The talent-acquisition company Allegis Group issued a report entitled, “Employers, It’s Time to Grow Up: Engaging the Millennial and Gen Z Workforce” based on hard data from its survey of HR professionals.

Millennials and Gen Zs are ethnically diverse populations, but corporate diversity and inclusions (D&I) programs are not doing enough to satisfy them. Only 12 percent of HR professionals believe their diversity and inclusion programs help them to attract millennial and Gen Z talent.

Get engaged at NJBIA’s Young Professionals Network blog.
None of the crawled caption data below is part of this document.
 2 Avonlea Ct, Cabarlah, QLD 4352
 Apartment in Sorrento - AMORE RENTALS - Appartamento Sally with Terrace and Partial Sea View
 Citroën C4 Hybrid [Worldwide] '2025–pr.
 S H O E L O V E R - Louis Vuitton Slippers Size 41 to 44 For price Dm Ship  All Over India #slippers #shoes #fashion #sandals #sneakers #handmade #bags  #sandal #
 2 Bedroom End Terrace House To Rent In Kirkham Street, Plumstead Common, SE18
Similarly, research shows that most newer workers would take a pay cut to work for a more socially responsible company. However, only 13 percent of survey respondents believe their community social responsibility (CSR) efforts help them attract millennial and Gen-Z talent.

Allegis looks at three areas to address these shortcomings.

  • Use technology to give millennials and Gen Z workers more control over their careers
  • Align company values with those of millennials and Gen Zs
  • Establish and run D&I and CSR programs that have a real impact on millennial and Gen Z talent acquisition

To attract younger workers, companies need to align their benefits to what the younger generations are looking for.

In benefits, for example, millennial and Gen Z workers value things like career development and flexibility in work style as well as the traditional health insurance and paid vacation.

The report also suggests companies should get creative with their perks. One in particular is financial management. Millennials and Gen Zs have a lot of student loan debt and are facing higher housing prices than previous generations. In many cases, paying off a student loan is more important than contributing to their 401(k). As a result, providing resources to help workers better manage debt would make a company more attractive to a younger worker.